# Only one set in one trip.



## knapper (Feb 5, 2010)

This morning I was up at 5 am and was slow getting started out the door. We have over half the states population on the limited amount of roads and so it is a 2 to 2.5 hr. drive to get somewhere people will not be during the middle of the week and not have any one else at the same time. There is not enough snow to have the snowmachines out and about. I know this will be an area that is not used much at this time of year. I have to get dressed up to keep warm which means I put on the snowshoes first and then the bib pants and then the parka. Last year I did not do that and found out I could not bend over to put on the snowshoes and still breath. All is good I am dressed up and loaded up for the walk in to set up to call. I know that it is a long hike so I take it easy and all is going good. Somewhere I thought I heard a single bark and stopped to see if there will be another bark. Not hearing one I move up the trail, if you look on the map it is called the squaw creek trail and is marked on the USGS maps. I continue on and see some other tracks of rabbit and people they were fresh and I would guess a day or two old. My snowshoes are Tubbs and have good spikes and claws that will help with the ice that comes with overflow. I stop and listen often and look around I think I hear sounds at different times.I run out of tracks and there are no bunny or human or moose or other tracks. Having ridden this area many times I know about how far I have to go. The area is shoulder high of willow and there is snow hanging on the limbs and so there are odd motions and sounds. I did not have a set distance that I was going but determened it was were the little lakes that had overflow was it. I set up and call and had nothing even make a sound that I could tell. Did I mention that the wind was in my face most of the time and than it would be on my back. I did not see any tracks that were fresh on mine when I walked out and I stopped and listened I would hear some noise and I think that most of it was my gear rubbing the brush. Now that I am home and looking at the map I figure that it was about a mile and an increase of 300 ft. in elevation. The temp. was 5 F and that did not include any wind chill. I went to a lodge and had a burger then headed home.


----------



## youngdon (Mar 10, 2010)

Sorry to hear you had a bust Barry. You need to get out before the snow hits. i would have plunked it down by the nearest bush, tree or igloo when you heard that first bark and called for a bit just to see if you could entice him in.


----------



## knapper (Feb 5, 2010)

I was set in one direction and didn't think about that bark too much.


----------



## bones44 (Jan 7, 2011)

Lot of work there for sure.
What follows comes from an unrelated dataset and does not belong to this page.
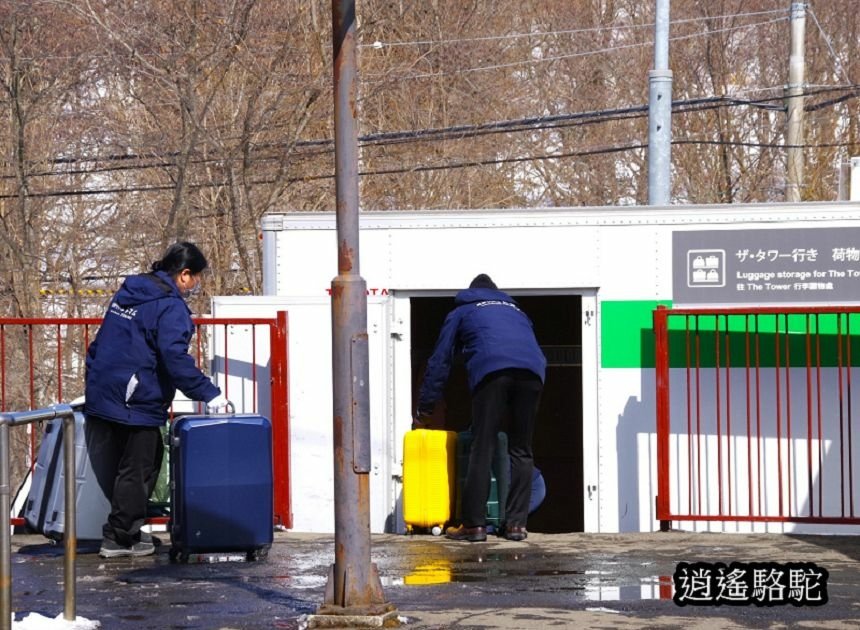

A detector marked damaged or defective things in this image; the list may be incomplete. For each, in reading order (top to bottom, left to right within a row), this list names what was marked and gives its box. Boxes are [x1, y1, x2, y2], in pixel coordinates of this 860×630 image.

rusty metal pole [318, 0, 394, 624]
Too bad you didn't see or hear anything. You'd think being out that far something would show. Still would enjoy a walk in your woods over mine anyday.


----------



## fr3db3ar (Aug 6, 2011)

Keep after it. It will all come together.


----------



## azpredatorhunter (Jul 24, 2012)

Knapper, ever look for gold?


----------



## knapper (Feb 5, 2010)

azpredator said:


> Knapper, ever look for gold?


I did a little many years ago and found a little bit but, not enough to write home about.


----------



## prairiewolf (Feb 19, 2012)

Nice story even if you didnt connect, thanks for posting


----------